In fluid extraction well installations there is a frequent requirement to control a small number of subsea hydraulic devices, typically valves for example, on a manifold or other structure from a well head tree, located typically 100 m distant from the manifold/structure. The traditional method of implementing this requirement is to install a hydraulic jumper between the tree and the manifold/structure hydraulic devices and use a tree ‘subsea control module’ (SCM) to control these devices.
FIG. 1 illustrates a traditional arrangement for control of hydraulic devices, in this example valves on a remote manifold. A tree 1 houses an SCM 2, which is connected to the manifold 3. Each valve 4 on the manifold 3 is fed via a hydraulic control line 5 such that a directional control valve (DCV) in the SCM 2 controls the operation of one valve 4. Each tree around the manifold would be connected similarly to a respective set of three valves. Historically, hose-type jumpers 5 have been employed to link the hydraulic control from the SCM to the manifold valves. However, with the current trend for subsea wells to be at greater depths, fluid well installation companies are specifying steel tube jumpers, which are extremely expensive, both to buy and to install.
The requirement to operate hydraulic devices remote from the well head means that additional DCVs have to be integrated into the SCM. In general, SCMs are designed and manufactured as ‘common’ in that they contain sufficient DCVs to meet the requirement of a typical well.
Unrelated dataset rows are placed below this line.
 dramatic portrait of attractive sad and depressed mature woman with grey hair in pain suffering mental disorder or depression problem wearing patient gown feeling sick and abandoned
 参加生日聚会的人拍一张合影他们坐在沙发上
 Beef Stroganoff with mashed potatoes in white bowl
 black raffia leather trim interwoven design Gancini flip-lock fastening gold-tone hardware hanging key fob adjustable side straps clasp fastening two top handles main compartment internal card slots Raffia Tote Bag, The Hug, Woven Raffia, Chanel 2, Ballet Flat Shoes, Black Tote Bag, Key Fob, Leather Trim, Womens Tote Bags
However, when further remote devices have to be operated, the ‘common’ SCM has to be modified which incurs substantial design costs. If, on the other hand, the ‘common’ SCM is designed to accommodate additional remote devices, then in many ‘straightforward’ applications the surplus capacity makes the SCM more expensive.
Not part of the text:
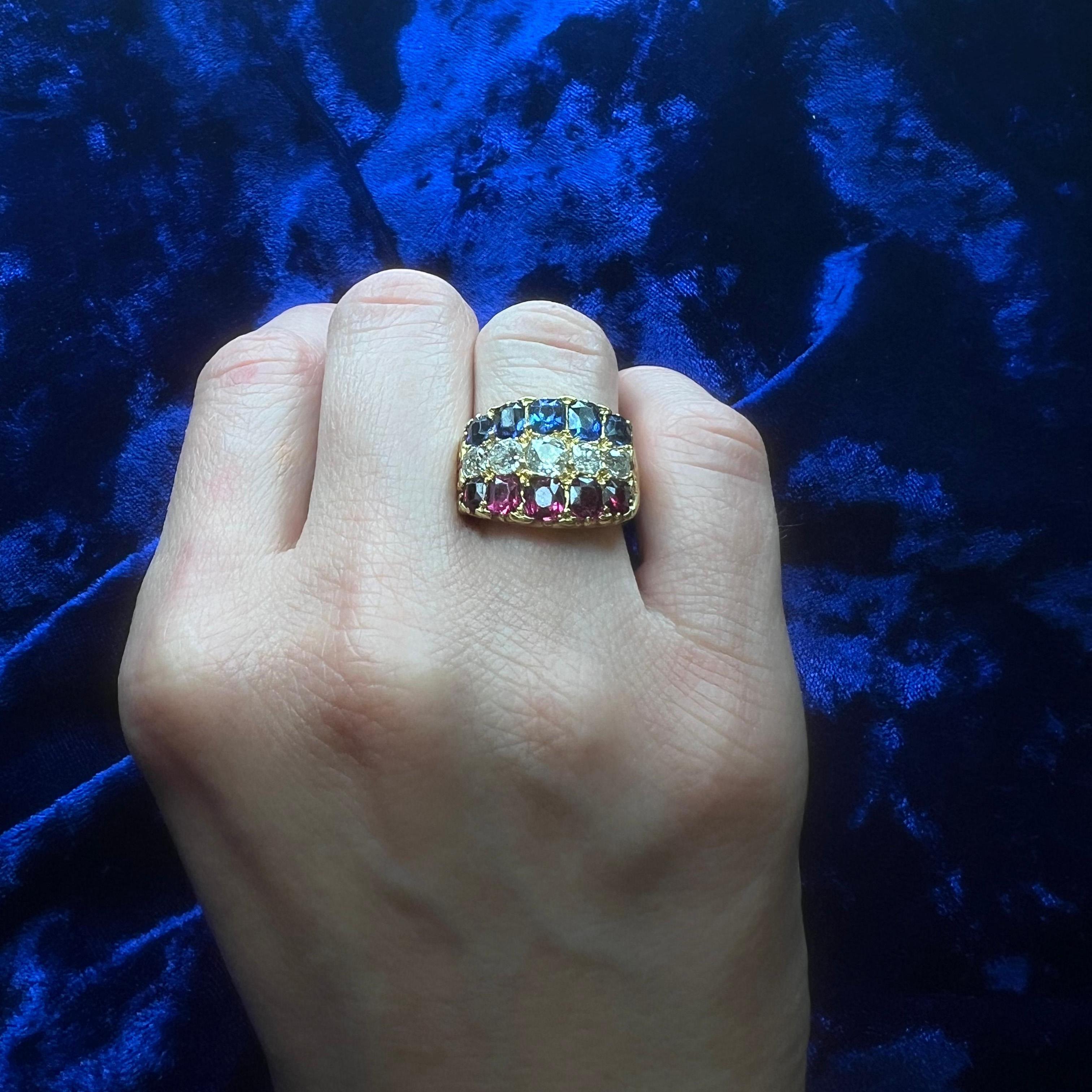 18kt gold 1.30 cts. Ruby, 1.28 ct. Sapphire, and 1.00 ct. Old Mine-Cut Diamond Ring.

A beautifully crafted 18kt yellow gold ring, set with an elegant combination of five oval mixed-cut natural rubies, five oval mixed-cut natural sapphires, and five
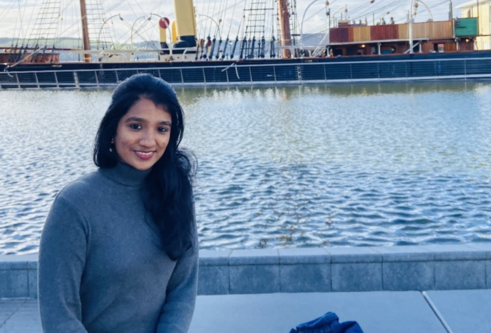 Pavithra Sundaravaradan sitting outside the V&A museum with the Discovery ship in the background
Intelligent downhole systems are becoming more common and generally require three hydraulic functions, operating at high pressure (typically 10 k to 15 k psi), inside the SCM. Not all wells need an intelligent completion. It is usual to have a ‘common’ design of SCM, so in many cases these three functions are unused. Typically, an intelligent well system will also need an additional high pressure (HP) accumulator to ensure that operating the intelligent well does not adversely affect the ‘surface controlled sub-surface safety valve’ (SCSSV) which is also on the HP supply and vice versa.
FIG. 2 illustrates a traditional arrangement for the control of downhole hydraulic devices, in this example valves 6. The tree 1 carries an SCM 2, which is connected to the downhole valves 6 via hydraulic feeds 7.
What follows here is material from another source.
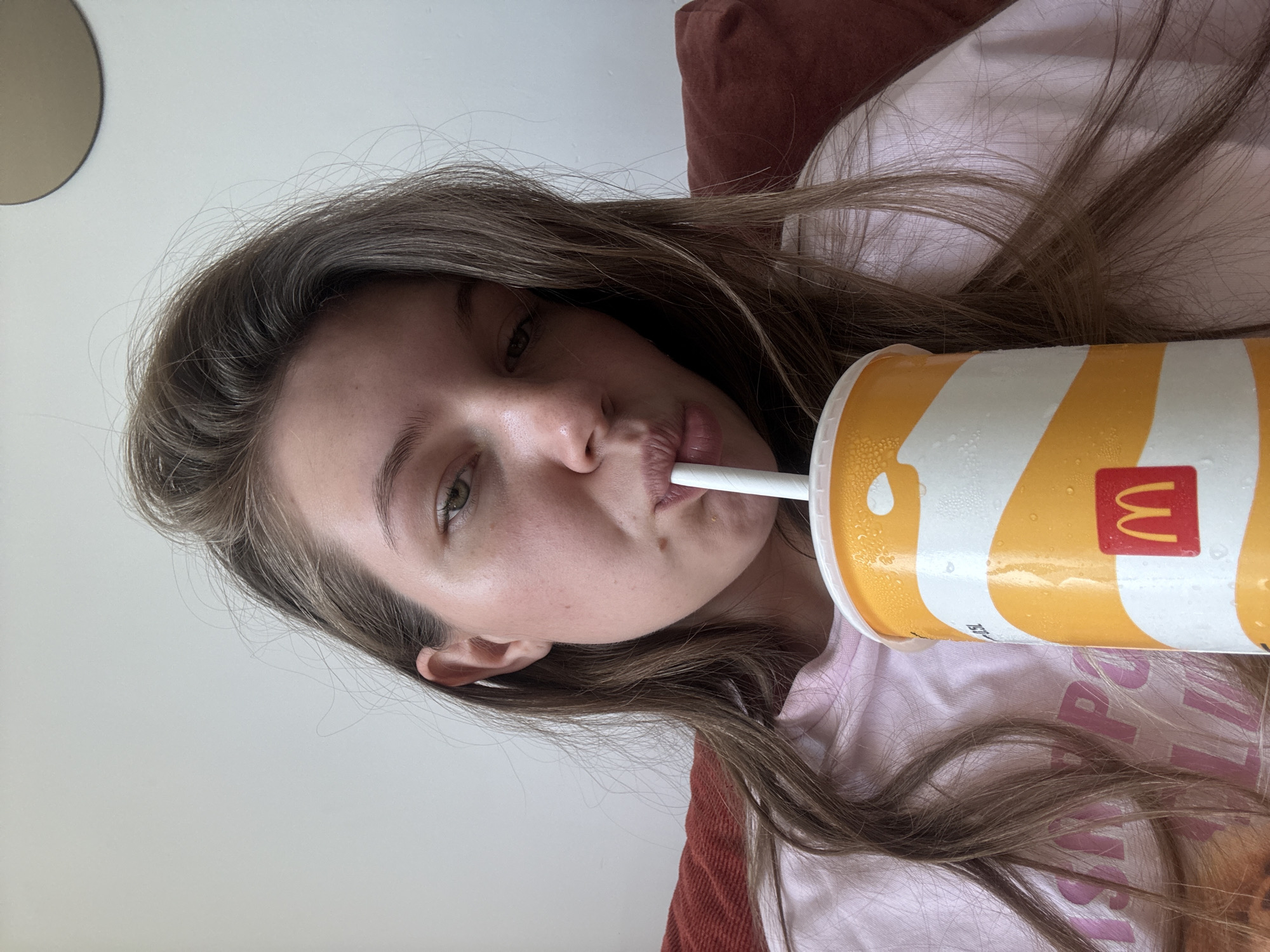 Woman drinks McDonald's beverage while resting in Belgrade suburb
It should be noted that such systems are not the only systems available, for example British Patent Application No. GB 0319622.7 describes a decentralized control system which does not use an SCM. Likewise the system as described in British Patent No. GB 2264737 describes a further system in which the SCM is replaced by a multiplicity of integrated electronic and hydraulic functions in modules, such as smaller and dedicated electronic units and hydraulic units. In contrast to these two described systems, while this invention also employs modules that contain electrically operated hydraulic functions and perhaps electronic functions in some embodiments, in the present invention they are under the control of an SCM.